加えて、コンピュータの基本的な仕組みを理解するために、ITにまつわる幅広い知識も学びます。
高校でのプログラミング教育|「情報Ⅰ」とは?
高校では「情報科」に、「情報Ⅰ」と「情報Ⅱ」を新設し、プログラミング教育を行います。
このうち「情報Ⅰ」は共通必履修科目であり、高校でも全員が本格的なプログラミング学習を行うように、改定されました。
PythonやJavaScriptなどの複数のプログラミング言語を学習するなど、中学よりも専門性の高いプログラミング教育が行われます。
具体的な学習内容は、検索履歴や購入履歴の活用など、日常生活との関連性が強い実践的な内容が中心です。
プログラミング教育の実践事例3選
ここでは、プログラミング教育の実践事例を3つ紹介します。
小学校・中学校・高校のそれぞれの事例を見て、プログラミング教育が行われる様子をイメージしてみてください。
事例①:プログラミングでロボットを動かしてみる【小学6年生】
小学6年生の総合的な学習の時間では、ロボットをプログラミングで動かすことを目標にした授業が行われております。

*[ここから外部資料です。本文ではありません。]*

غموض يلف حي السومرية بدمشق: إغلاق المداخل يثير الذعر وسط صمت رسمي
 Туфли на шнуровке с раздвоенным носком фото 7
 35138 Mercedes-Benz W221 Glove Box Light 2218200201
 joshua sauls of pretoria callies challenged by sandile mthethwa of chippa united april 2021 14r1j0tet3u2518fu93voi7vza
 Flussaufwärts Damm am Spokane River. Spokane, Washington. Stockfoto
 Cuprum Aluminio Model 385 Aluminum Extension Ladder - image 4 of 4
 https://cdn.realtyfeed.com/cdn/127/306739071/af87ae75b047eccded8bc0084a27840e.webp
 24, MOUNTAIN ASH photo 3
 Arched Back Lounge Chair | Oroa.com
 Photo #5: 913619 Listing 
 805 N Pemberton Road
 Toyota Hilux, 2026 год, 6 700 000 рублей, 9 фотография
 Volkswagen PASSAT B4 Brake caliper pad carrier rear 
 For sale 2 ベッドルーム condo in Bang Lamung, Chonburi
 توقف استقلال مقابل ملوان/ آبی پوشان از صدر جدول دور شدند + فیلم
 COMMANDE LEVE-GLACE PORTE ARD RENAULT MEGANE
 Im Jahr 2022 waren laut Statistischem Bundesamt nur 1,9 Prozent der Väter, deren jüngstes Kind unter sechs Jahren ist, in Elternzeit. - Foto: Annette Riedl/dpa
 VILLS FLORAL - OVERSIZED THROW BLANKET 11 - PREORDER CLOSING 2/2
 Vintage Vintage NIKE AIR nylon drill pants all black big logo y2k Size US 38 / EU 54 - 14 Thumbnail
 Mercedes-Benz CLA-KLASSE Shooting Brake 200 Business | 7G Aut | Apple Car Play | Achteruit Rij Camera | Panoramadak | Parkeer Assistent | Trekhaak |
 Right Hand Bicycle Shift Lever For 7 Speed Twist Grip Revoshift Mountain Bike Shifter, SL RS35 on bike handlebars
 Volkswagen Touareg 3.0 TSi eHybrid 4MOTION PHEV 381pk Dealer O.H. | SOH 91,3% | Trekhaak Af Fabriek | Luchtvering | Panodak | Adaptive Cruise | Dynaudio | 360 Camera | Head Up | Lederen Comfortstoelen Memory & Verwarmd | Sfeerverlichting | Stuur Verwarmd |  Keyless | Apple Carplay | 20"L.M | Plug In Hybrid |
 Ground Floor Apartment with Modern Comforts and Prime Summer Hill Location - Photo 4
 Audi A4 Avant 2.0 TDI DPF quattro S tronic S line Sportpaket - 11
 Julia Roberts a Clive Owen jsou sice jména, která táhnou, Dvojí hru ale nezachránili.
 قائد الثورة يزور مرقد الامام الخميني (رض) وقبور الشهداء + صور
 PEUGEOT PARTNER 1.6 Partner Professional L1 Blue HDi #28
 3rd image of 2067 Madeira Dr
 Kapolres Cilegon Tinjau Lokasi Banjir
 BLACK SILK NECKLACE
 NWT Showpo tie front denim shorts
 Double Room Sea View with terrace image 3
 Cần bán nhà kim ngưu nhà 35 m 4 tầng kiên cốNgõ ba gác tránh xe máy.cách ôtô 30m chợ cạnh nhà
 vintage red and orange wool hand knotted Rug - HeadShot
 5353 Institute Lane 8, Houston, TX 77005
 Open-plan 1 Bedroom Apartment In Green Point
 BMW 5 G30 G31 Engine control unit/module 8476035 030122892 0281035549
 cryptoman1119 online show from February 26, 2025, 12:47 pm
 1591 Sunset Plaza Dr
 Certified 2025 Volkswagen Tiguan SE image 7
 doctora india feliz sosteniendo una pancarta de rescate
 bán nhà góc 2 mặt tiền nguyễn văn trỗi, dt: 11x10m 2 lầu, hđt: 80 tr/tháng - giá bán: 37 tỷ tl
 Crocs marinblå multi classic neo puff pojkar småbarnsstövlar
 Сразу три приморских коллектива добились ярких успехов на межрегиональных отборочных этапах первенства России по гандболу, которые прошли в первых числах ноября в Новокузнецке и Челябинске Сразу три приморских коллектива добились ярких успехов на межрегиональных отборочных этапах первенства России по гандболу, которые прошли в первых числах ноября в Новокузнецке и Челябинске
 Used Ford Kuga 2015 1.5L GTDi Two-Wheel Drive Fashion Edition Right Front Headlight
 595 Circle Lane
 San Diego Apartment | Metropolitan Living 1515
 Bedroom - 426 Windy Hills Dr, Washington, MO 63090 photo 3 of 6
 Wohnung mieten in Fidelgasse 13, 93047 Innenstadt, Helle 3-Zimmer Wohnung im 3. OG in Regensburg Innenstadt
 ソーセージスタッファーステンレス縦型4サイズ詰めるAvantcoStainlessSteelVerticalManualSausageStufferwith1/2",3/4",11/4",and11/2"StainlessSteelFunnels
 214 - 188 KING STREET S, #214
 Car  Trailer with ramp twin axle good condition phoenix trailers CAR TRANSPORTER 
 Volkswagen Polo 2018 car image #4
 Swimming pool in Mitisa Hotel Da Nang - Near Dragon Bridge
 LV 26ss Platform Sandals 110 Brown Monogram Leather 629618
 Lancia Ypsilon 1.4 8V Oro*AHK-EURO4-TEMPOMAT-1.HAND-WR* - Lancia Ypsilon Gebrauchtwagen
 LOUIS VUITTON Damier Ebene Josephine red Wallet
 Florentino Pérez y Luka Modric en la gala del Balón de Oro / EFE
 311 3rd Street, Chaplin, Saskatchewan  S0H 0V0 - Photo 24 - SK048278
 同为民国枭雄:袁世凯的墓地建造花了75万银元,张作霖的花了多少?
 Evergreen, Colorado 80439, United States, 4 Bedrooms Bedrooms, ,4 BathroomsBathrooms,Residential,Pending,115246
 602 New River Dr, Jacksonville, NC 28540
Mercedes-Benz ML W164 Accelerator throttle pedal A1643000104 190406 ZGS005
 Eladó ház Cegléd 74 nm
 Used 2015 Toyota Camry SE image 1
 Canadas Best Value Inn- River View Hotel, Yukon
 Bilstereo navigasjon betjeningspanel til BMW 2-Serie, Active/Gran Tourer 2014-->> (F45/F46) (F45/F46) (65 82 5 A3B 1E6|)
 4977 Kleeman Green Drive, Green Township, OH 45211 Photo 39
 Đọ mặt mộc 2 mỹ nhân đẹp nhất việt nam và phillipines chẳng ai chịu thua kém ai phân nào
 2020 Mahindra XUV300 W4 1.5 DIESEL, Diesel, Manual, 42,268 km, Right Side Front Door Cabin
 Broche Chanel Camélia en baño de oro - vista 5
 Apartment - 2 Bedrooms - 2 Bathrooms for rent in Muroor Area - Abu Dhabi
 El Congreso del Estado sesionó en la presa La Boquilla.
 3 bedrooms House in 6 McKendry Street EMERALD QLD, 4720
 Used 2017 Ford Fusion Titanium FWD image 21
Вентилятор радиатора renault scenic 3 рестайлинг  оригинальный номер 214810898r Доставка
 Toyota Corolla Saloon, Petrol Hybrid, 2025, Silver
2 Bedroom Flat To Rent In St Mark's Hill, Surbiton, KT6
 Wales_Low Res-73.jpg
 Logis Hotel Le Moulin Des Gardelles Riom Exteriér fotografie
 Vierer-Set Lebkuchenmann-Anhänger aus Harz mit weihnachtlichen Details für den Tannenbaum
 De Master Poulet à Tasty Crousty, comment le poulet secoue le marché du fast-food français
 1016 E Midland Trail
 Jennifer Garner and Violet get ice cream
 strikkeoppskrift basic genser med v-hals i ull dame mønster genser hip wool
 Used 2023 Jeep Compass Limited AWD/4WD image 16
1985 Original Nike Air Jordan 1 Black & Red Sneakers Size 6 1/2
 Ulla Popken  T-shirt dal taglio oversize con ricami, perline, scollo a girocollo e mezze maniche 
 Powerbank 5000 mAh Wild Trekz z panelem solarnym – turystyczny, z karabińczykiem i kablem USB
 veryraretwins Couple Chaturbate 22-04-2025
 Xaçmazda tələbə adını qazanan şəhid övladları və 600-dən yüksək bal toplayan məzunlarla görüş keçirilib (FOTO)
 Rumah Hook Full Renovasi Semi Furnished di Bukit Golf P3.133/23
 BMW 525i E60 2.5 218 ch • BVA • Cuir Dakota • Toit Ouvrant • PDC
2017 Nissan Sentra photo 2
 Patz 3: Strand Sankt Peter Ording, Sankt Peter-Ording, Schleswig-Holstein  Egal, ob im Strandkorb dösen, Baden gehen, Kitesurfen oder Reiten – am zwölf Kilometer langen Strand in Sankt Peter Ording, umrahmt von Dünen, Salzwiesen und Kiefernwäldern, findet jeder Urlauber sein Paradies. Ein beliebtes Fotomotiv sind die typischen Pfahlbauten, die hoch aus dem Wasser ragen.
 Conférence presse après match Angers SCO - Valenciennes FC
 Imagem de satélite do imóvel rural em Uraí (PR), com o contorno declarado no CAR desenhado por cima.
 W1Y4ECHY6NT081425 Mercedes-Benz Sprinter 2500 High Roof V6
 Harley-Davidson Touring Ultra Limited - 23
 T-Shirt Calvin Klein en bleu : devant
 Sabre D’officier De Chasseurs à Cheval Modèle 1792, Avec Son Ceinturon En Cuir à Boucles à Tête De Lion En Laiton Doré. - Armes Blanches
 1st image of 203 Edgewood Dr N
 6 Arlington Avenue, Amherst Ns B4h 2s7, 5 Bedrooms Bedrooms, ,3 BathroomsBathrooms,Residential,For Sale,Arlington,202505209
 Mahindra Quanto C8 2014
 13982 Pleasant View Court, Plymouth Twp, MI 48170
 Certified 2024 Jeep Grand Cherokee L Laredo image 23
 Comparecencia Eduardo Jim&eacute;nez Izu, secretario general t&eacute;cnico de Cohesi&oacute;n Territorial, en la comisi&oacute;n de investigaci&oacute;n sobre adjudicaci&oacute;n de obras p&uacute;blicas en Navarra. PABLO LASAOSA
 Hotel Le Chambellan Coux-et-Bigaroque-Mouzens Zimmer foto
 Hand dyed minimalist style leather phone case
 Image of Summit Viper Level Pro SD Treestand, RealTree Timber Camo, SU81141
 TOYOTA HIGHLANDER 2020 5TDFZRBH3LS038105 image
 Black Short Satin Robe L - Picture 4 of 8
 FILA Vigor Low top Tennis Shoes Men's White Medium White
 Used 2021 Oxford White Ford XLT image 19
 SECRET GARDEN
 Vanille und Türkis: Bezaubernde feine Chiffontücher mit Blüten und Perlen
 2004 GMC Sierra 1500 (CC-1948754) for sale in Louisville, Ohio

「腕を動かす」などの簡単な指示から始め、最終的には「ブザーでリズムを奏でる」などの複雑な動きを指示できるようになります。
自分の思い描いた動きをロボットにさせるには、論理的に考え、必要に応じた修正が何度も必要です。
その過程で、試行錯誤を繰り返し思考力を養うことで、プログラミング的思考を身につける効果があります。
参考:小学校プログラミング教育 実践事例集|岐阜県教育委員会
事例②:教育用ゲームを用いたプログラミング教育【私立中学・高校】
私立中学・高校では、教育用ゲーム(教育用Minecraft)を用いたプログラミング教育が行われています。
建築物を建てたり敵と戦ったりすることを楽しむゲームです。
教育用Minecraftには、はじめからプログラミング環境が用意されています。
例えば、巨大な建築物を建てたいときにプログラミングを用いて短時間で仕上げられるなど、ゲームをしながら実践的なプログラミングを学びます。
事例③:PCを用いた実践的なプログラミング学習【高校】
高校では、PCを用いた実践的なプログラミング学習が行われます。
専用のソフトを用いてPythonやJavaScriptなどの言語を学習します。
周囲の生徒と助け合いながら学習を進めたり先生による個別のアドバイスを受けたりすることで、プログラミングに対して苦手イメージを持っている生徒も「できる」と実感を得られやすくなるでしょう。